• EXERCISE OBJECTIVE: Reproduce the lines below exactly, from the one containing "企业月度财务收支统计报表Excel表格 - 封面预览" through the one containing "Animation of a", both included. Leave out any pictures.

• ENTRIES SHOWN:
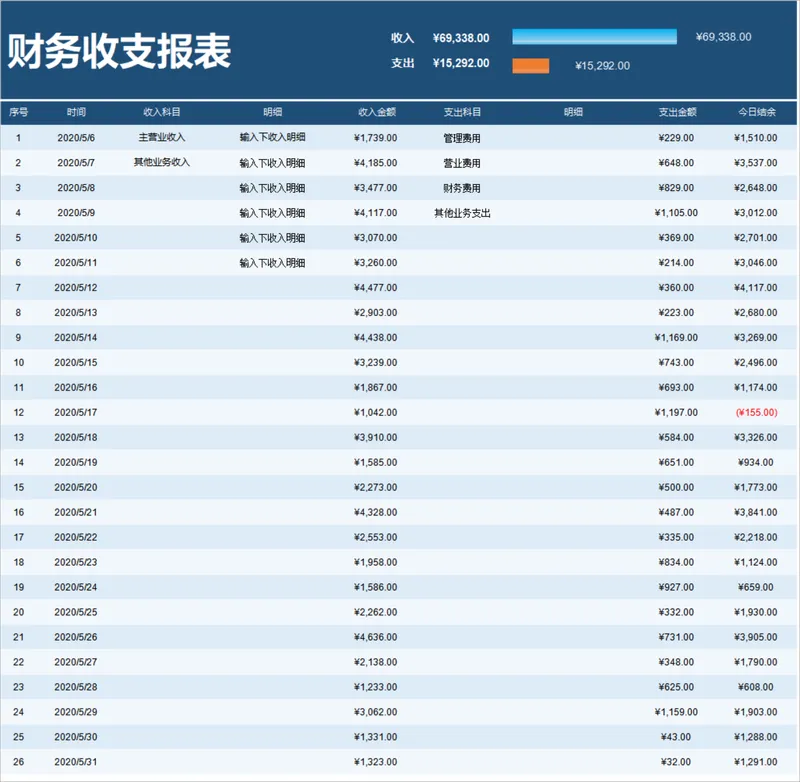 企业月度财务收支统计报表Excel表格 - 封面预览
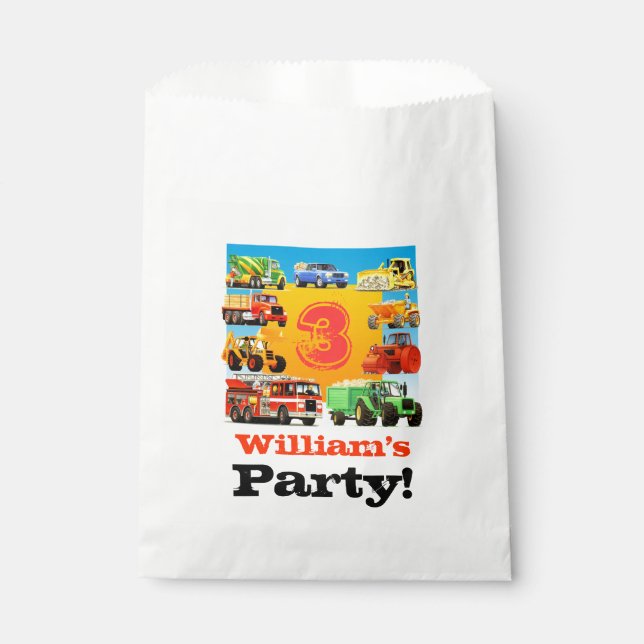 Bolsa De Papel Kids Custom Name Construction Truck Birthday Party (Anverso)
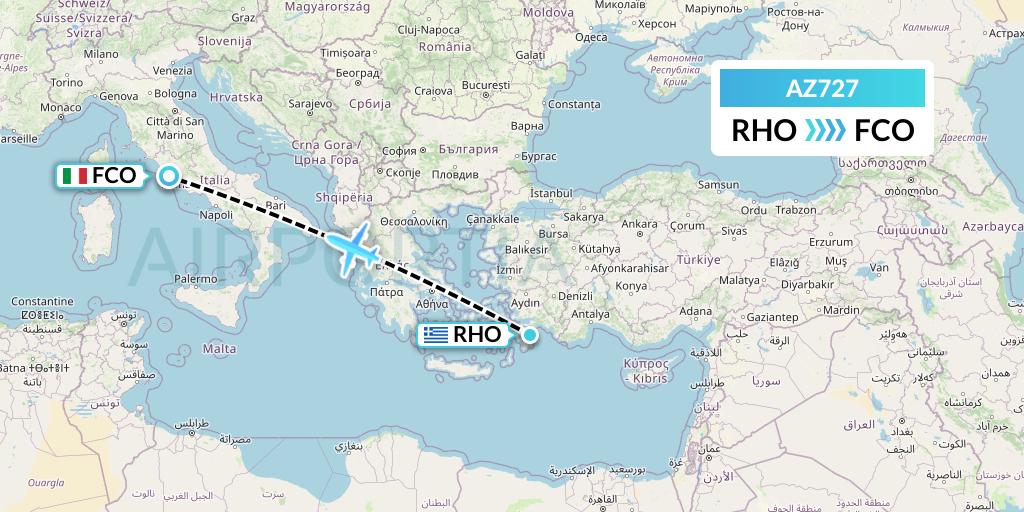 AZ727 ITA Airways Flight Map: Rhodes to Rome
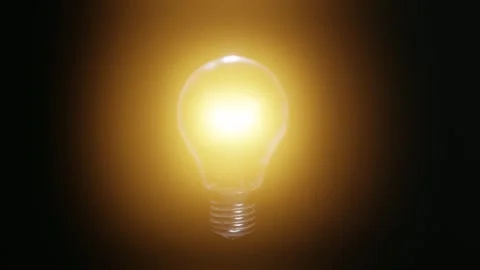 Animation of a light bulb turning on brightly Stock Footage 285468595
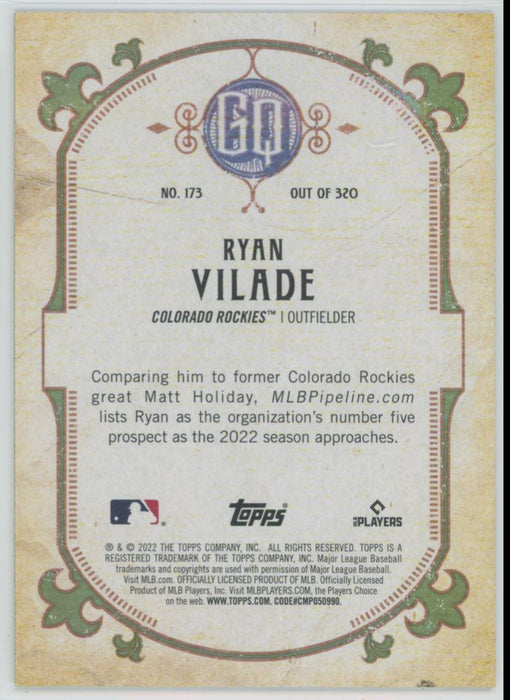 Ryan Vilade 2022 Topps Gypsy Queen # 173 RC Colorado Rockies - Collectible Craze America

--

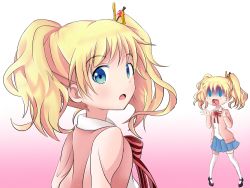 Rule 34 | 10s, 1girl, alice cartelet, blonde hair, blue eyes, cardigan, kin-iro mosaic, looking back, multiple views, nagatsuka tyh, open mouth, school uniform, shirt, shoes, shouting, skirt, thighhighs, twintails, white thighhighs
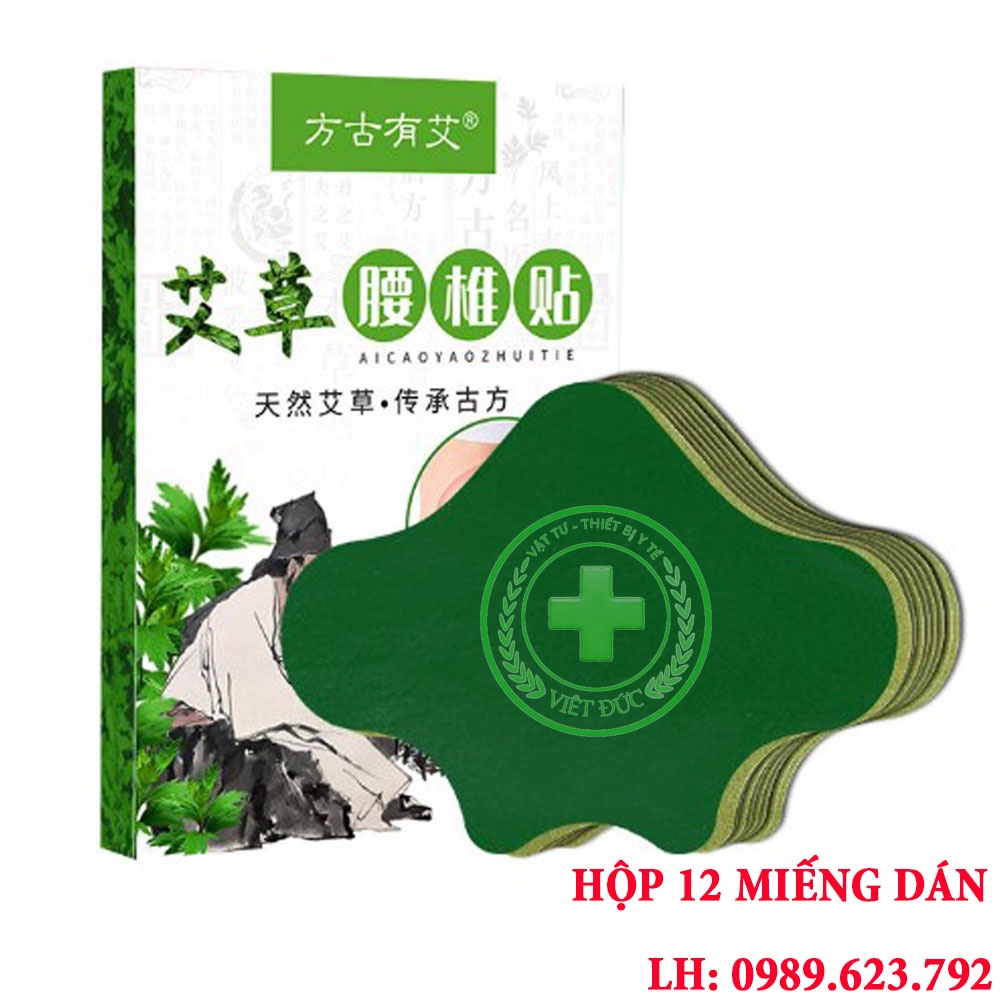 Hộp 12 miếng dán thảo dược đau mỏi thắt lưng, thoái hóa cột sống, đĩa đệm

• ANSWER SECTION:
 企业月度财务收支统计报表Excel表格 - 封面预览
 Bolsa De Papel Kids Custom Name Construction Truck Birthday Party (Anverso)
 AZ727 ITA Airways Flight Map: Rhodes to Rome
 Animation of a light bulb turning on brightly Stock Footage 285468595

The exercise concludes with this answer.